Strange Statement!

A metallic titan peers into a green-grey sky as it offers a pair of mangled bodies in its outstretched right hand to some unseen master above. Ghostly white lane lines push forward toward a distant horizon where an unearthly glow radiates from between two hills in a night full of stars. A swarm of pale pink creatures with coiled tails, webbed feet, and ivory smiles cavort around a block of text promising "Instant Pets" if one simply submerges them in water. A woman reclines on a concrete floor, the contours of her clothing-free body barely covered by a python draped strategically along her left side.

 

These four images were stamped into my brain in the late 1970s and early 1980s, prompting dreams that were equal parts tantalizing and terrifying as my prepubescent body tried to make it through another night of fitful sleep.

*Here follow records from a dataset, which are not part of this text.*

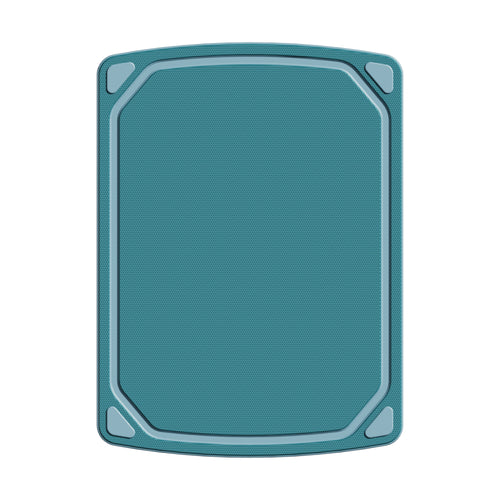 Mainstays 2 Pieces 8.5 x 11 and 10 x 14 Non-Slip Recycled Poly Cutting Board, Blue Color - Image 2
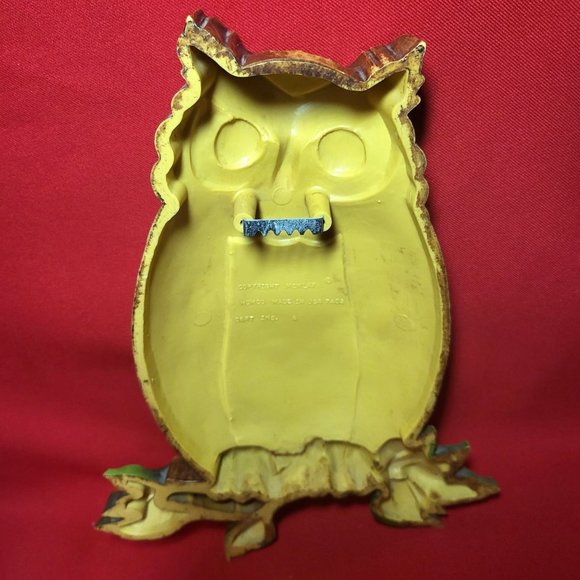 VTG Homco Plastic Owl Wall Hanging Plaque Decor - Picture 3 of 13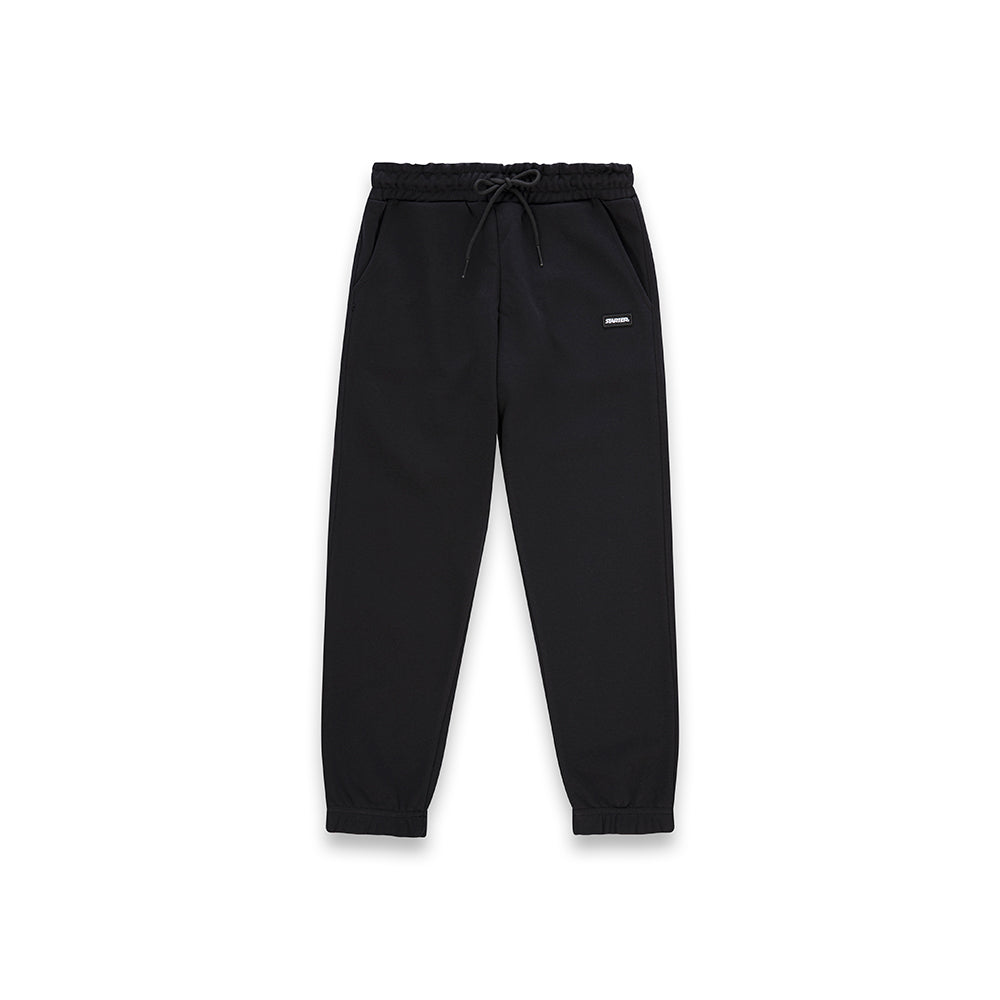 Jogger da bambino urban comfort in cotone estivo NERO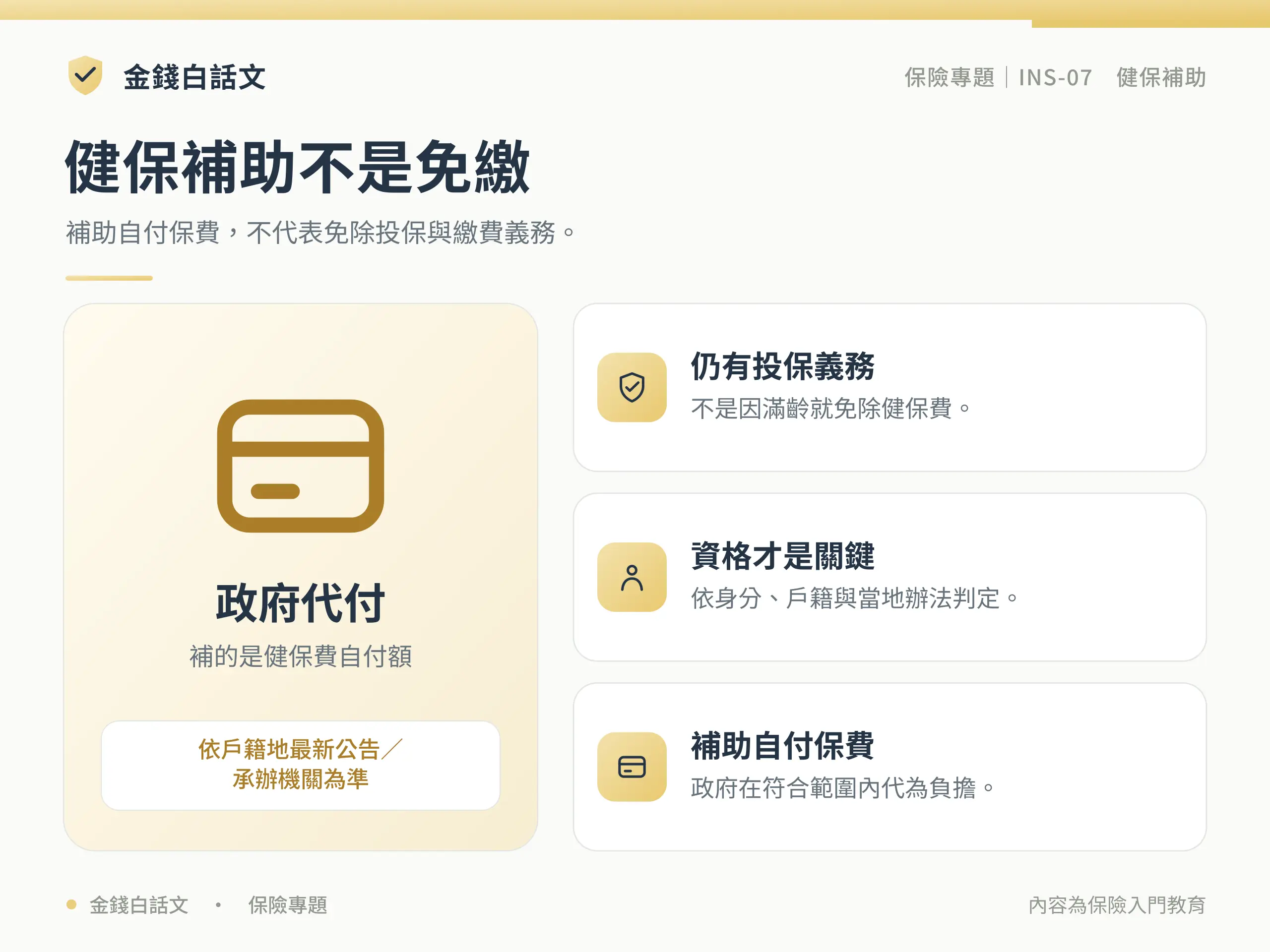 健保補助不是免繳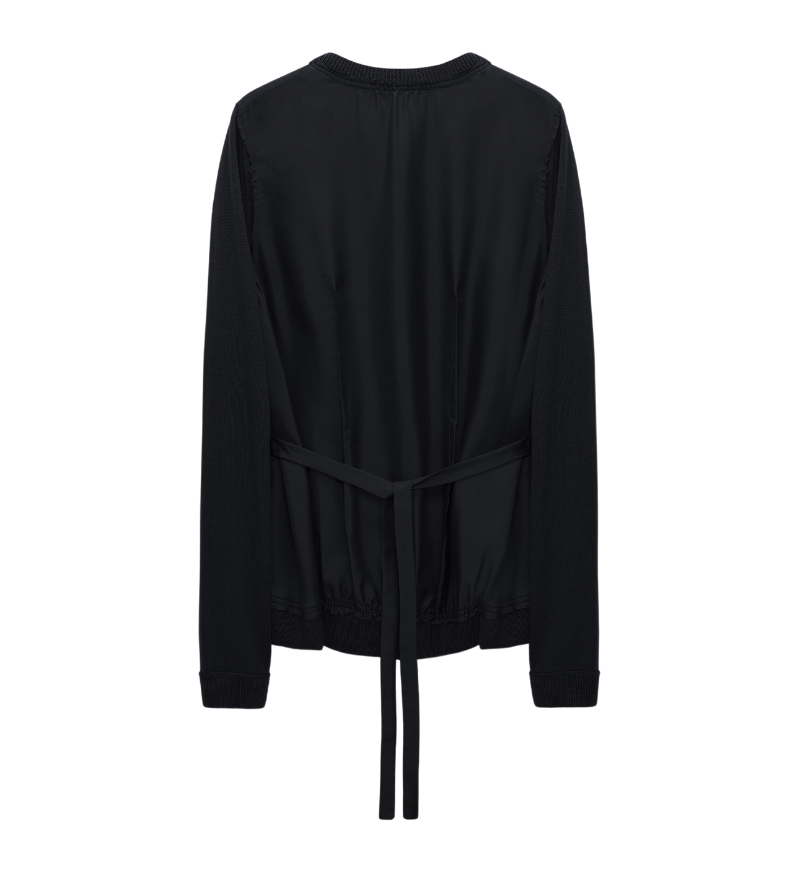 Merino Pullover Black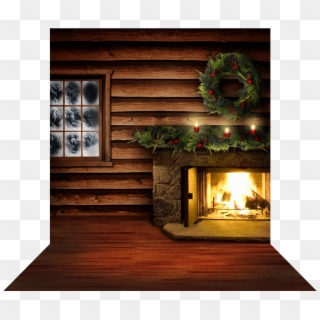 4 Dimensional View Of - Christmas Tree In A Cabin Clipart
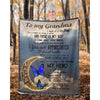 To My Grandma - From Grandson - Butterflyblanket2 - A314 - Premium Blanket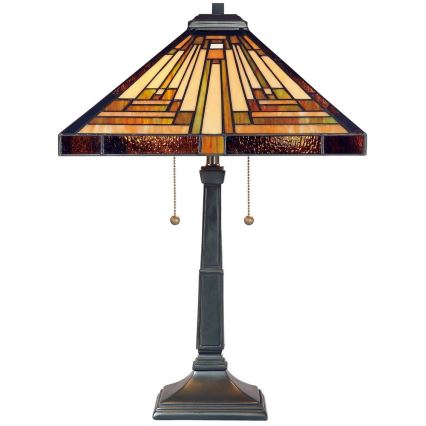 Elstead - Tafellamp Tiffany STEPHEN 2xE27/60W/230V
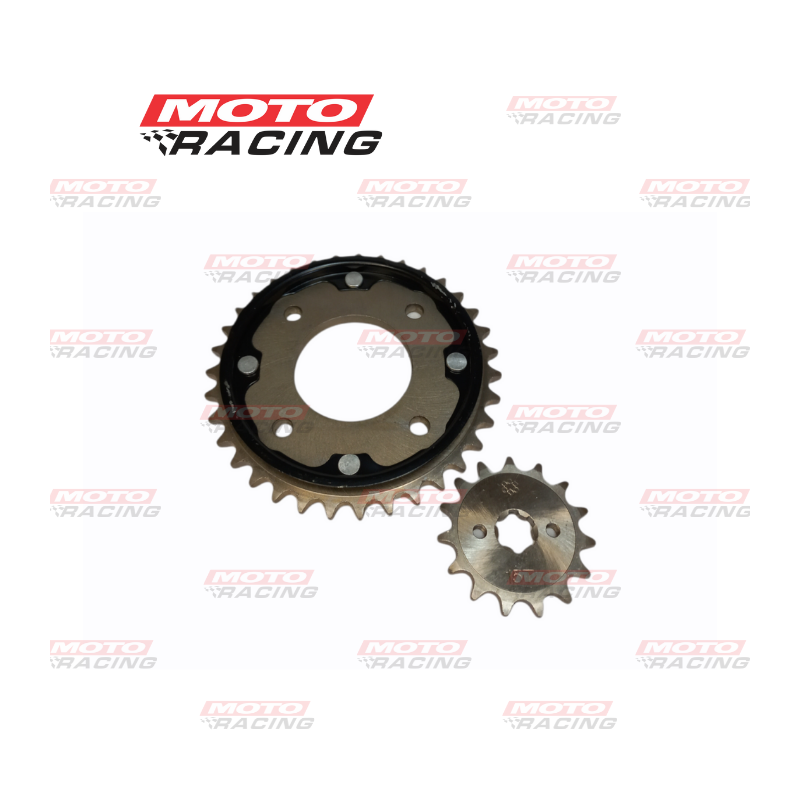 CORONA Y PIÑON HONDA BIZ C-100/ C-105 Z-35/15 (CHOHO)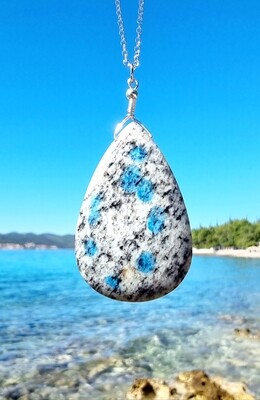 K2 Jasper Amulet Crystal Pendant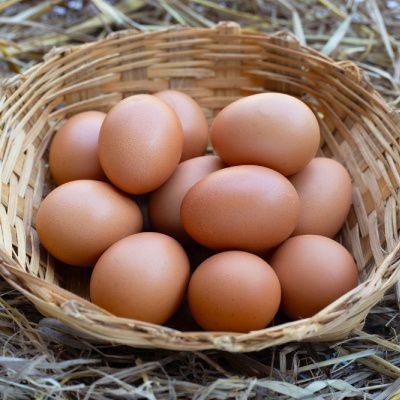 Country Chicken Eggs - Free Range - Pack Of 6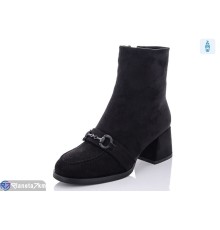 Черевики жіночі на зиму (6 пар р.36-40) чорний  "LOREDANA"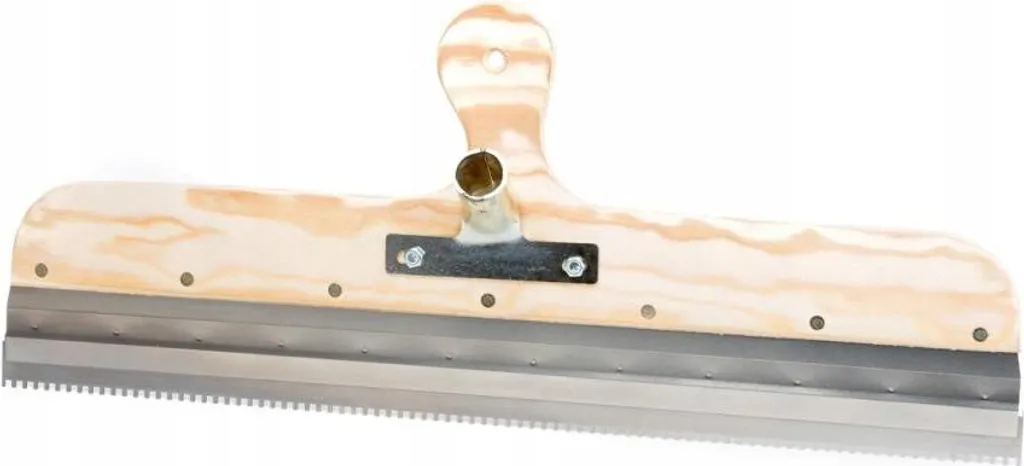 Levior Spatola in acciaio inox 560 mm, dente 4x4 570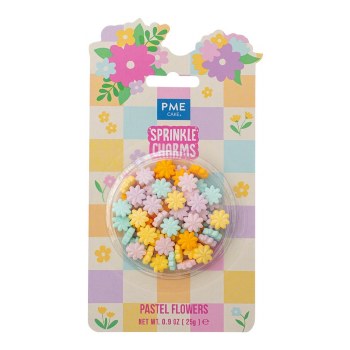 Sprinkle Charms Pastel Flower 25g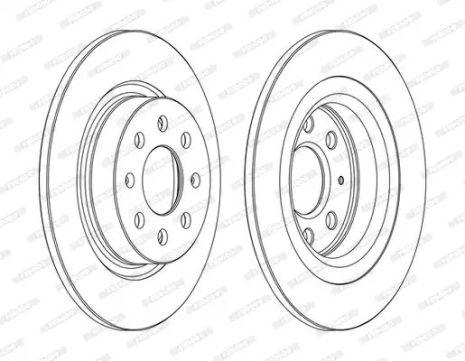 Brake Fiat Punto, Opel Corsa, Ferodo (DDF1299C)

Acolytes of late-20th century popular culture may recognize that the first image is the cover of the Queen album News of the World, the second is the poster for the Steven Spielberg film Close Encounters of the Third Kind, the third is a Marvel comic book ad for Super Sea Monkeys, and the fourth is the iconic Richard Avedon poster Nastassja Kinski and the Serpent.

 

Although the four images have little in common on a surface level, they shared an ability to provoke a younger version of me to think and act. The first image caused me to question my babysitter's potential for violence based on her choice in music. The second prompted me to pester my father into carting me yet again to the movie theater at Parmatown Mall. The third beckoned me to become the benevolent caregiver to a pod of unsuspecting brine shrimp dropped into a greasy fishbowl on my bedroom dresser. The fourth had me wondering why my mother decided that the main entryway to my suburban childhood home was the best spot to display racy framed artwork.

 

Ultimately, these four images sparked in me an obsession with visuals and text that continues to this day. One reasonably safe and rarely lucrative outlet for this obsession has been collage and mixed media art. My pieces are the covers for nearly forgotten albums by willfully obscure bands that now sell for four figures on the internet. They are the one-sheets that hang near the entrance to that independent movie theater the film nerds like to visit every Saturday at midnight. They are the print ads for products that get shoved onto rusty shelves in the discount stores of a late-stage capitalist society teetering on the edge of collapse. They are portraits of celebrities that never were but one day might be.

Much like those four images from decades ago, my pieces are realistic depictions of uncanny things. They are Uncannily Real. They are Really Uncanny.